What the task requires:
When you reach the line with "Used 2023 Kia Sorento LX image 18" in the listing below, write out that line and every one after it exactly, and skip the pictures.

Records provided:
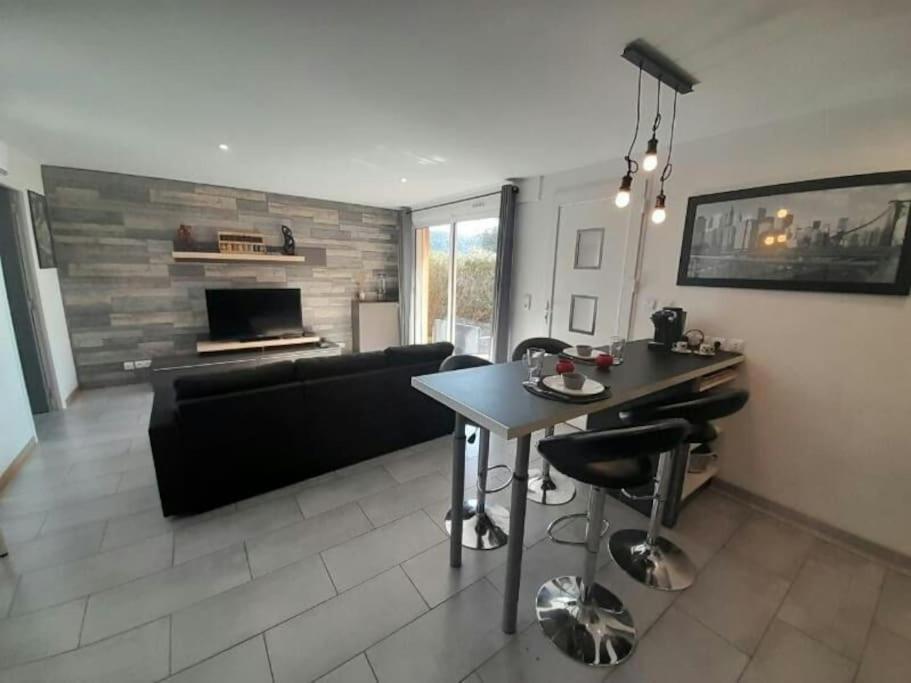 Appartement Spacieux &Tres Calme. Spacious & Very Quiet Apartment. Carros Exterior photo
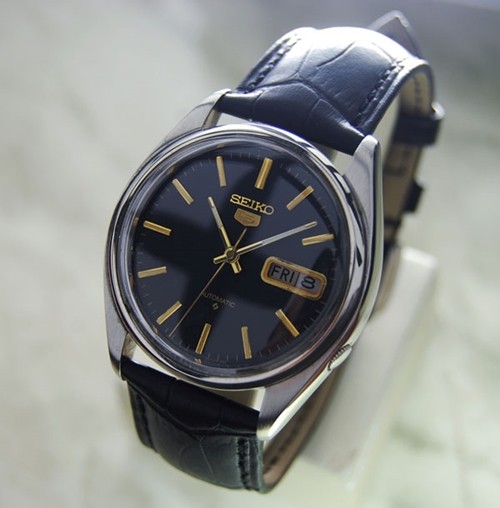 seiko 5 day date automatic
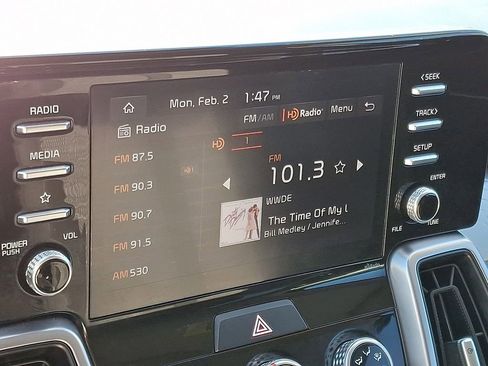 Used 2023 Kia Sorento LX image 18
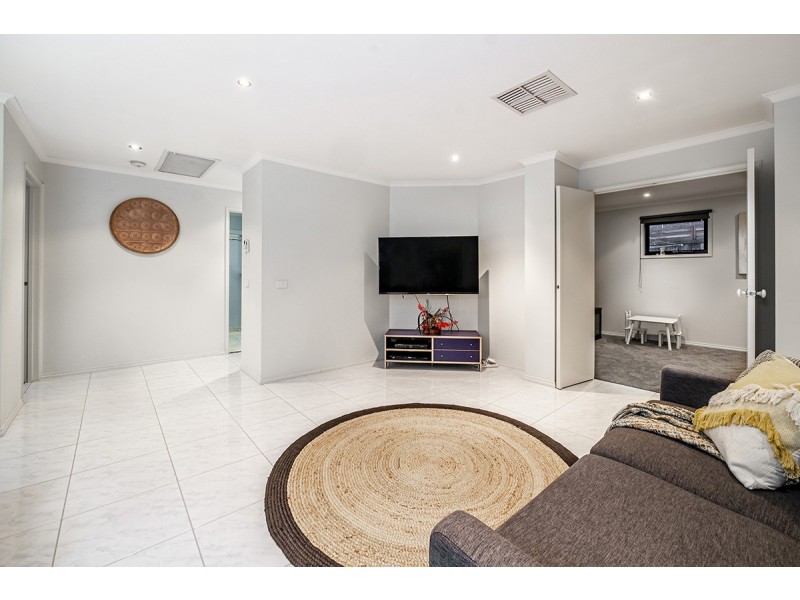 9 Melington Drive, Lyndhurst VIC 3975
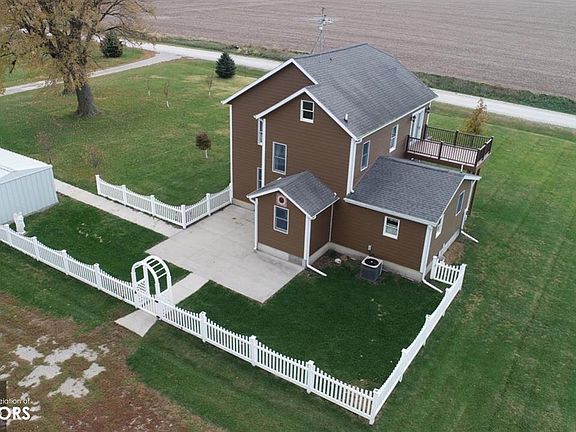 2nd image of 10964 N 75th Ave E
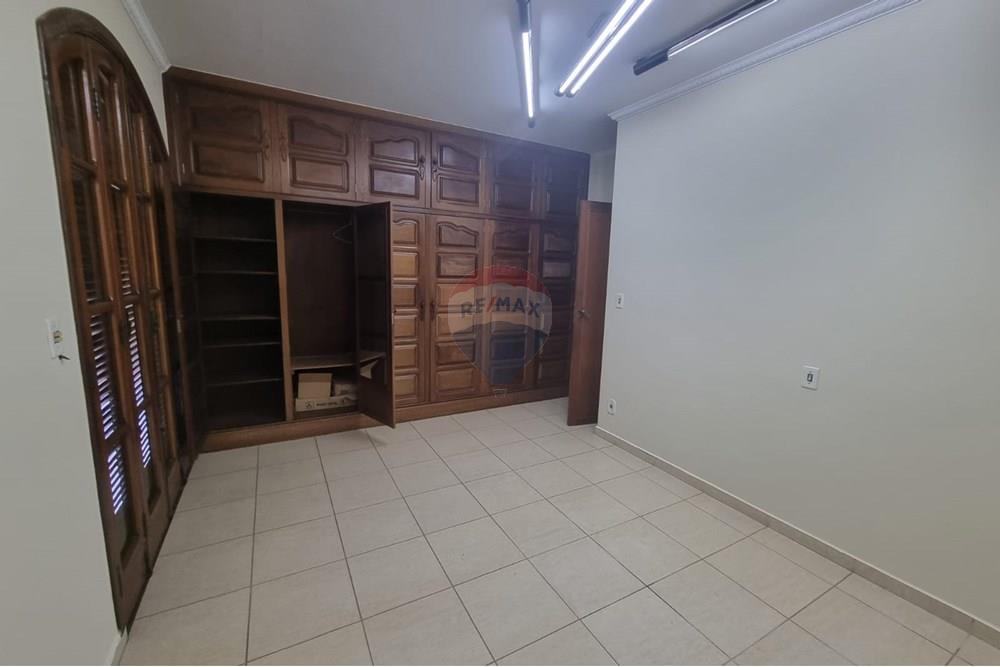 Casa Comercial - Alugar - Bragança Paulista , São Paulo - Imagem do WhatsApp de 2025-02-27 à(s) 16.38.01_5d51ce87.jpg - 690041051-34
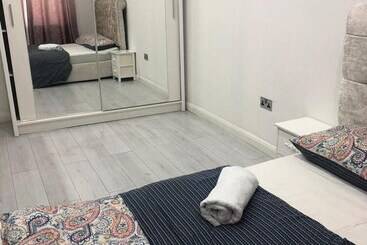 اقامتگاه Immaculate 2 Bed House In High Wycombe Hp14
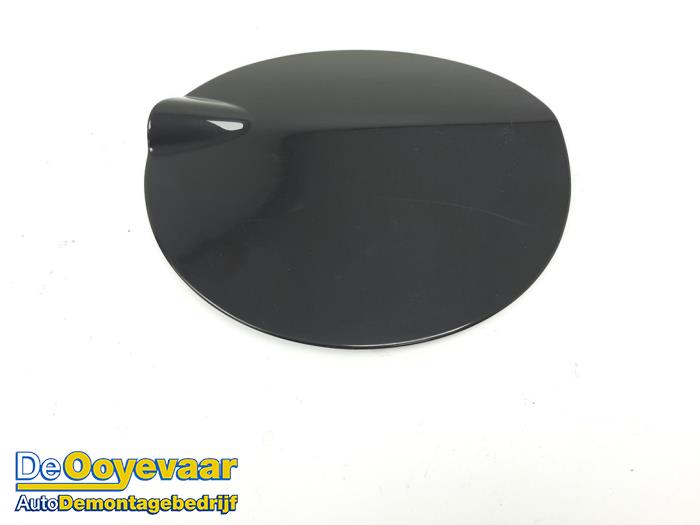 Tank cap cover from a BMW 1 serie (E87/87N) 118i 16V 2005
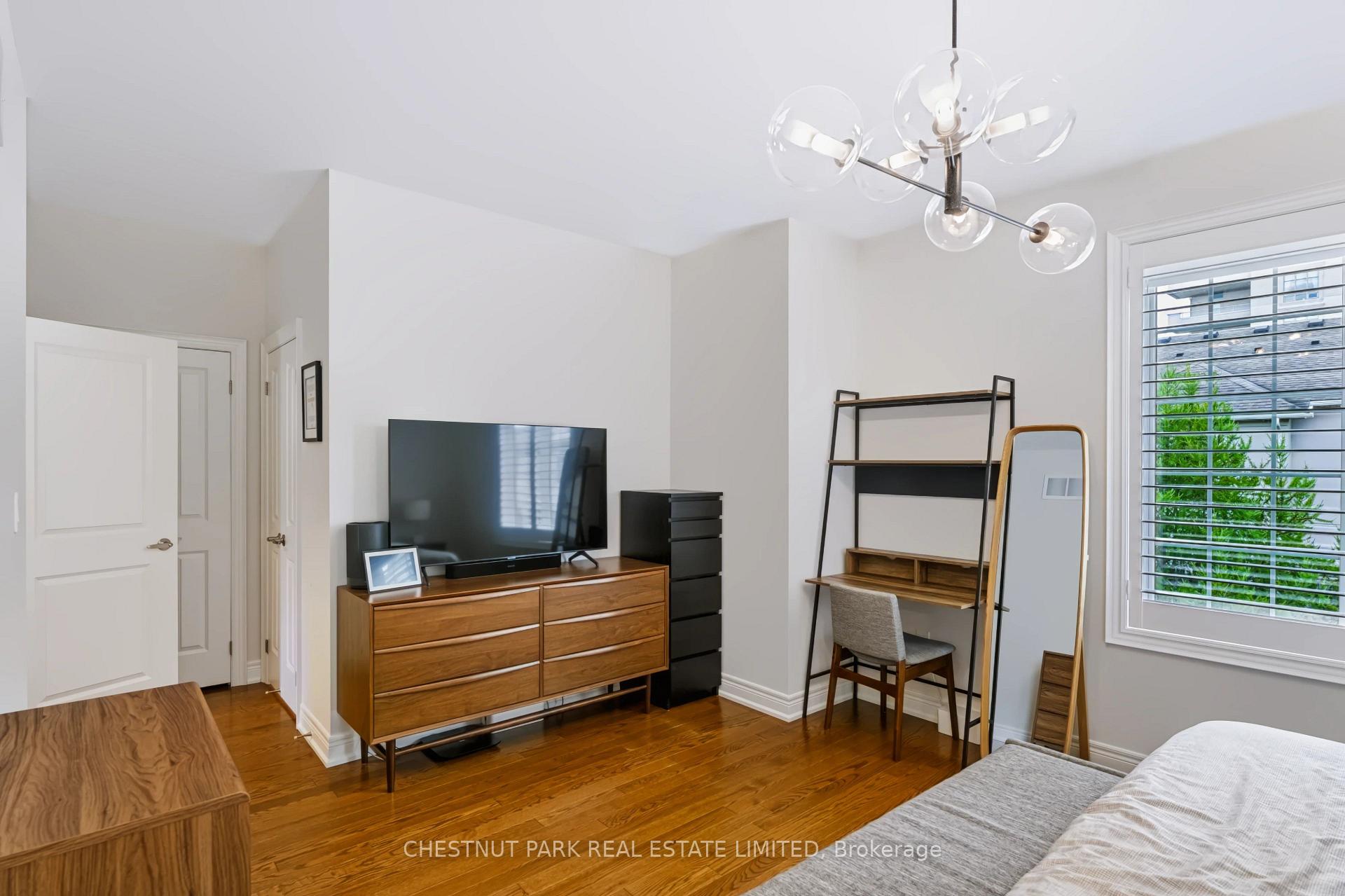 Photo 20 of 69 Bloorview Place, North York, Don Valley Village — HOMEH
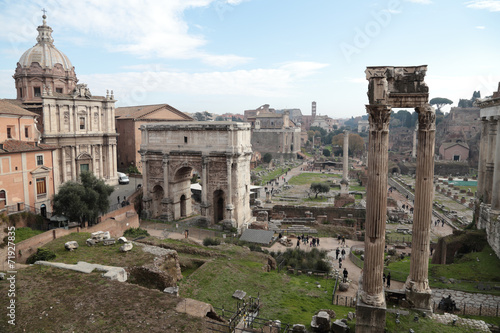 Ruins of Roman Forum © mattiaath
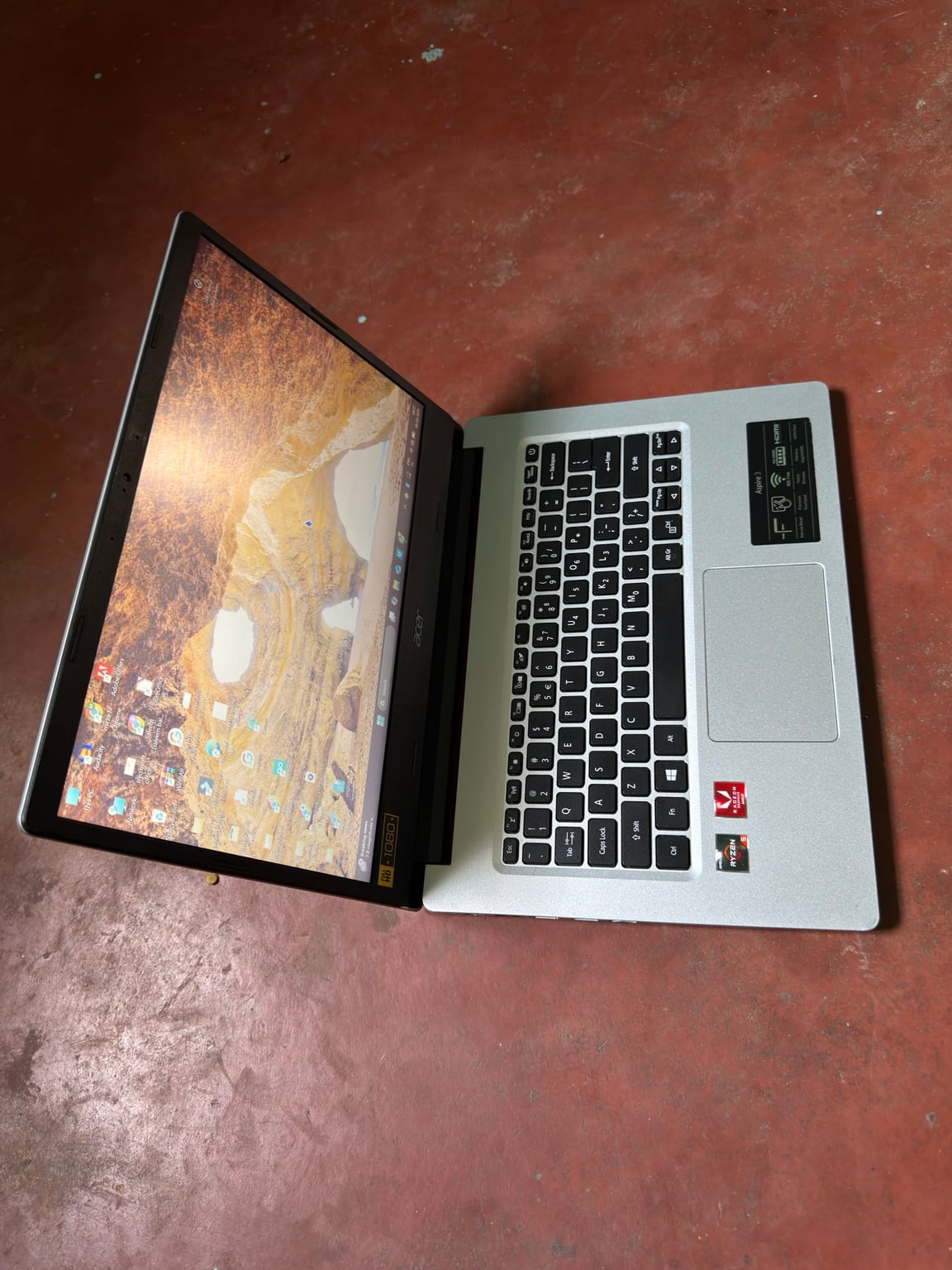 Acer Aspire 3 Ryzen 5 | 8GB RAM | 256GB SSD | Excellent Condition - Image 4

Reply:
 Used 2023 Kia Sorento LX image 18
 9 Melington Drive, Lyndhurst VIC 3975
 2nd image of 10964 N 75th Ave E
 Casa Comercial - Alugar - Bragança Paulista , São Paulo - Imagem do WhatsApp de 2025-02-27 à(s) 16.38.01_5d51ce87.jpg - 690041051-34
 اقامتگاه Immaculate 2 Bed House In High Wycombe Hp14
 Tank cap cover from a BMW 1 serie (E87/87N) 118i 16V 2005
 Photo 20 of 69 Bloorview Place, North York, Don Valley Village — HOMEH
 Ruins of Roman Forum © mattiaath
 Acer Aspire 3 Ryzen 5 | 8GB RAM | 256GB SSD | Excellent Condition - Image 4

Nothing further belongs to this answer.